Confirmed. 2.6.31.0 shows the bug. I have never done a git bisection test before, so I hope this narrows down the problem enough to solve this.
Reassigning to Shrish while he works on this.
I have a hunch that I know what this is. Here's my suspicion: Most likely the underlying filesystem that samba is serving out is one that recycles inode numbers quickly. It ends up in a situation like this: There's an inode on the share and client is aware of it and its contents server deletes that inode client creates an inode, server's filesystem recycles the inode number and returns it client gets confused and thinks that the inode is the original one that was deleted Now, one would think that -o noserverino should work around this, but it seems like there are a couple of bugs involving that and unix extensions (I'll pass along a patch for that in a bit). Also, one would think that this shouldn't be a problem if the filesystem being served has fine-grained timestamps. Nuno, can you tell us what sort of local filesystem the server is serving out? ext3? ext4? xfs? something else?
Oddly enough, we could probably do a better job with this against windows. Windows has a proper create time on each file, and we could conceivably use that as a way to verify the "uniqueness" of the inode. This might be the death-knell for keeping serverino the default. I don't see a good way to reliably detect this situation given what the protocol provides.
Server file systems tested were ext2 (1GB IDE compact flash), ext3 or reiserfs (the last ones for real rotating disks). The one I tested most as server was reiserfs (not reiser4).
Now that I think it better, I don't think I actually tested ext3. So it was either ext2 or reiserfs.
Testing against something like jfs or ext4 would be useful too.
Ok, I think both of those filesystems have 1s timestamp granularity. As Shrish says, it might be an interesting datapoint to know whether something with sub-second timestamps (ext4, xfs, etc) fares better here.
I can't easily test ext4 in the machine I am right now (Ubuntu 8.04 doesn't support ext4 yet) but I will try xfs and jfs and post the results.

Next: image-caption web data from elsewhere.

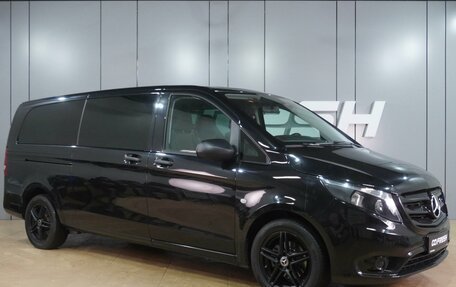 Mercedes-Benz Vito, 2018 год, 3 499 000 рублей, 1 фотография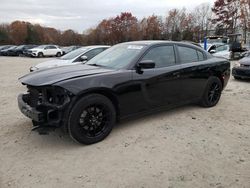 Dodge Charger salvage cars for sale: 2016 Dodge Charger SXT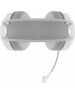 OKLICK Наушники с микрофоном Оклик HS-L300G White белый 2.2м мониторные USB оголовье (1796952)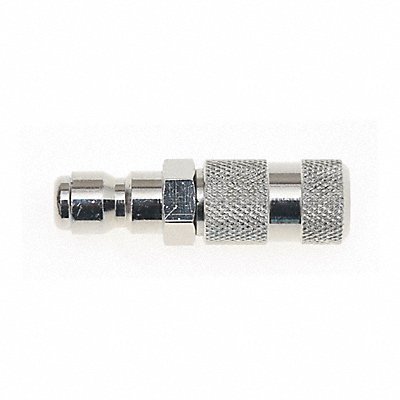 Quick-Connect Adjustable Nozzle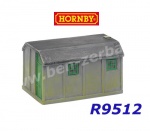 R9512 Hornby Concrete Plate Layers Hut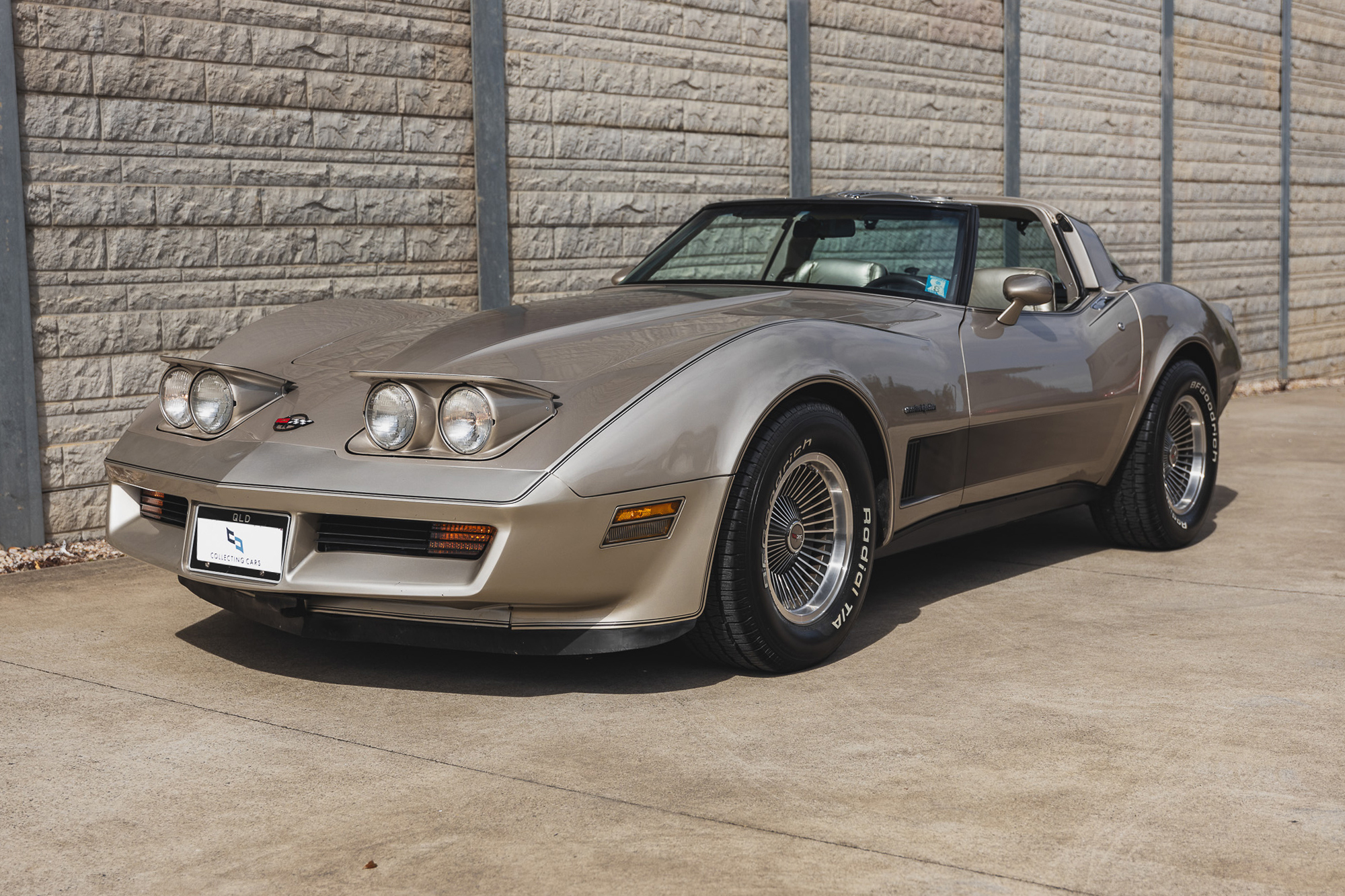 1982 Chevrolet Corvette Stingray (C3) - Collectors Edition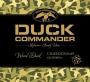 Duck Commander Wood Duck Chardonnay 2012 Front Label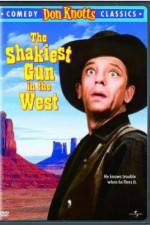 Watch The Shakiest Gun in the West M4ufreemovies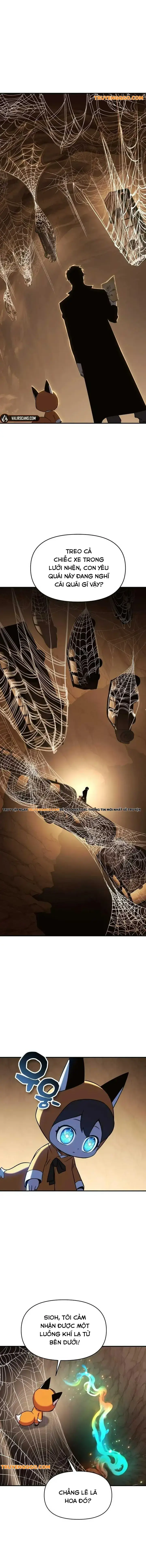 Tiểu Pháp Sư Chapter 25 - Trang 6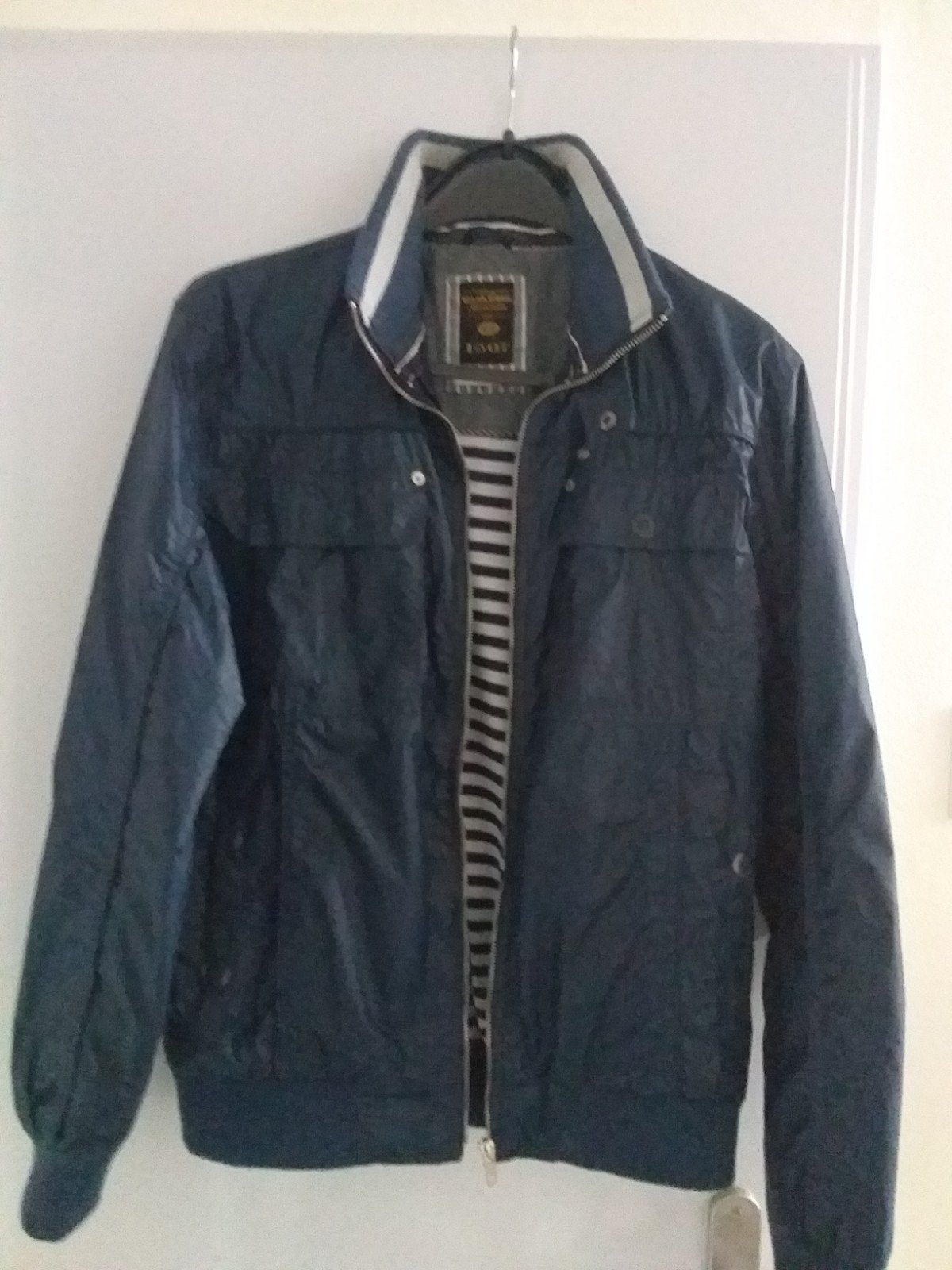Stoer  Jack van Cars maat M, Ophalen of Verzenden, Zo goed als nieuw, Maat 48/50 (M), Blauw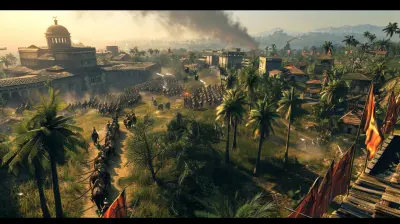 Top Games That Accurately Depict Famous Battles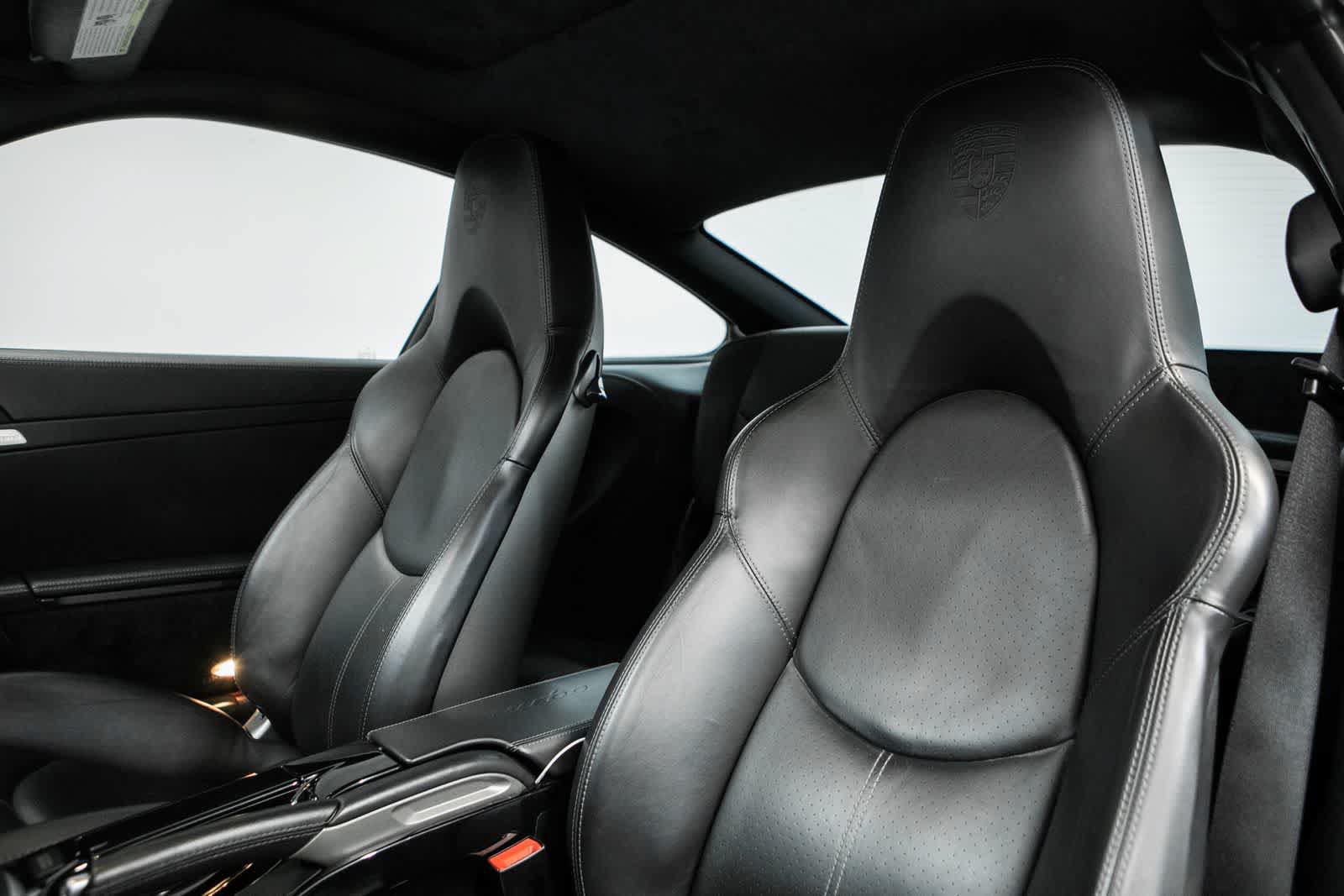 Used 2011 Porsche 911 Turbo AWD/4WD image 5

XFS doesn't seem to suffer from the problem. I only let it run for 5 minutes, but in all other cases it stopped right away. JFS also doesn't seem to suffer from the problem. More 5 minutes without stopping. EXT3 also didn't stop, so I guess I had actually never tested it before. I then retested with ext2 just to make sure it was something I did different this time. It stopped as expected.
Interesting. ext3 also has 1s timestamp granularity, so it seems likely that the inode number allocation scheme might be different between it and ext2. That could also affect the outcome here.
Created attachment 26380 [details] patch -- fix noserverino handling when unix extensions are enabled These two patches should fix the handling of the "noserverino" option when unix extensions are enabled. Nuno, could you test this patch with your reproducer? The share will most likely need to be mounted with the '-o noserverino' option in order for it to help.
The patch doesn't apply on 2.6.32 or 2.6.33 so I assume it's 2.6.34 material. My current kernel build scripts don't accept rc kernels so give me some time to do it manually ;-)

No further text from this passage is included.